Hacker News new | ask | show | jobs
by mortoray 3682 days ago
In my quest for a memory management scheme on Leaf it's your final point which is primarily forcing my decision: the compatibility with other memory managers. In this article I just wish to provide counterpoint to those people trying to convince me that tracing GC is a better approach. In the end, it's the need to right libraries and be compatible that prevents me from using a complex GC.
1 comments

Just keep in mind the trade-offs that you are making.

For starters, you are adding a considerable performance overhead to local pointer assignments; you're replacing a register-register move (and one that can be optimized away in many situations by a modern compiler through register renaming, turning it into a no-op) with a register-register move plus two memory updates plus a branch. Even where you have cache hits and the branch can be predicted correctly almost always, you're dealing with cache and BTB pollution; these effects may not fully show up in micro-benchmarks, but only completely manifest in large programs.

Second, adding concurrency to the mix can complicate matters a lot (depending on your concurrency model [1]). You may need additional atomicity guarantees for the reference count updates – which, while cheaper than a full-blown lock, is generally still more expensive than the purely sequential case; you preclude compiler optimizations that can eliminate the overhead of pointer updates; and you're still lift with the potential for race conditions (e.g. when one thread writes to a global variable or heap location while another thread is retrieving a pointer from the same location, and that pointer is the only remaining reference to an object).

Third, typical approaches to cycle detection and collection (such as trial deletion) reintroduce most of the challenges of tracing GC. While you may think that you can avoid cycles or handle them manually, they often crop up in unexpected places. A common case is when a closure is stored in an object that is also captured in the closure's environment [2].

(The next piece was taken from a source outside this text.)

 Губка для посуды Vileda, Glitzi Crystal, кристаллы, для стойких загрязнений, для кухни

I don't mean to discourage you from your decision – I don't know what your ultimate goals are and naive RC may very well be the best set of trade-offs you can make – I just want to alert you to possible trade-offs that you are making.

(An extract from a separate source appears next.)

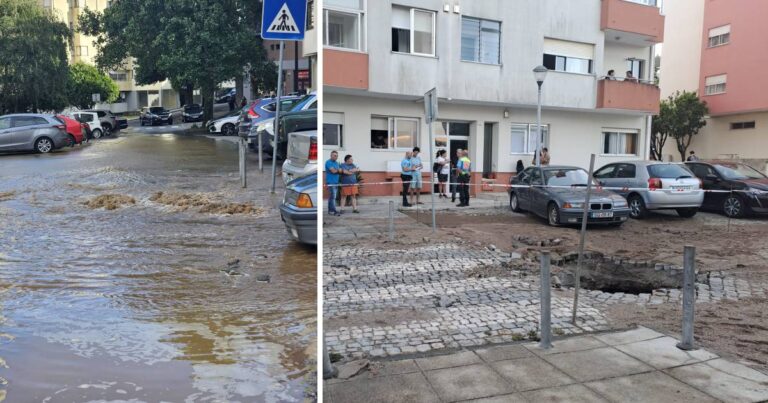 Conduta de água 'estoura' e causa o pânico em viana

[1] Some popular concurrency models (such as Erlang's, Dart's, or Nim's) avoid shared references, so these issues would not even crop up for such languages, of course.

[2] I have a hypothesis that naive RC as an approach to memory management is particularly common in languages that do not (or historically, did not) support closures, but that's a different story.

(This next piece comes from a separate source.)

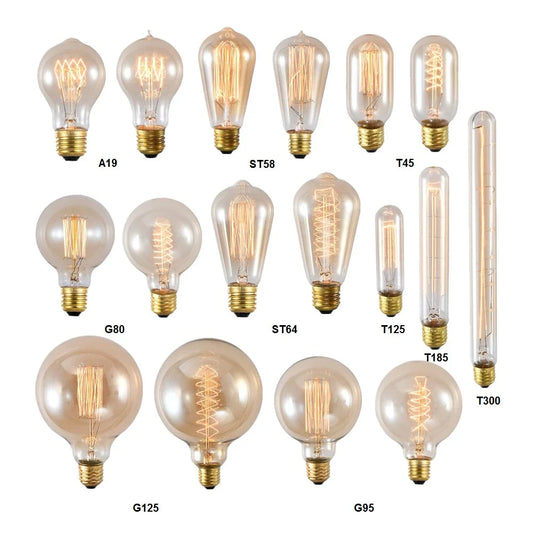 LED Vintage Edison Filament Light Bulb E27 - 4W / 220V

What's the difference been naive RC and non-naive?

Would the above languages (Erlang, Dart and Nim) count as naive implementations?

I was under the impression Nim, at least, had pretty efficient RC implementation that performed favourably compared with a Boehm GC when considering single threaded performance. Is this accurate?

By naive I refer to RC implementations that simply instrument pointer assignments with the necessary reference counting instructions. Non-naive RC implementations try to minimize the overhead associated with it; deferred reference counting or having the compiler optimize away unnecessary reference count updates are typical approaches.

Erlang and Dart have tracing GCs; I was referring to their concurrency model (which uses thread-local heaps), not their method of garbage collection. Nim uses either deferred reference counting or a simple mark-and-sweep collector, depending on a compile time switch, but also uses thread-local heaps. The main attraction of Nim's deferred RC collector is that it can keep pause times very low; I haven't actually benchmarked its amortized performance, but I expect it should be competitive with or better than the Boehm GC, especially for large heaps.

Thanks for your answer. "Garbage collection" seems to cover a huge range of actual implementation approaches and sometimes it's hard to see the pros and cons of each approach when they're all lumped under the same thing.

In my mind, 'stop the world' pauses are the biggest disadvantage of some GC approaches, so it's nice to hear that deferred RC ameliorates that to some extent.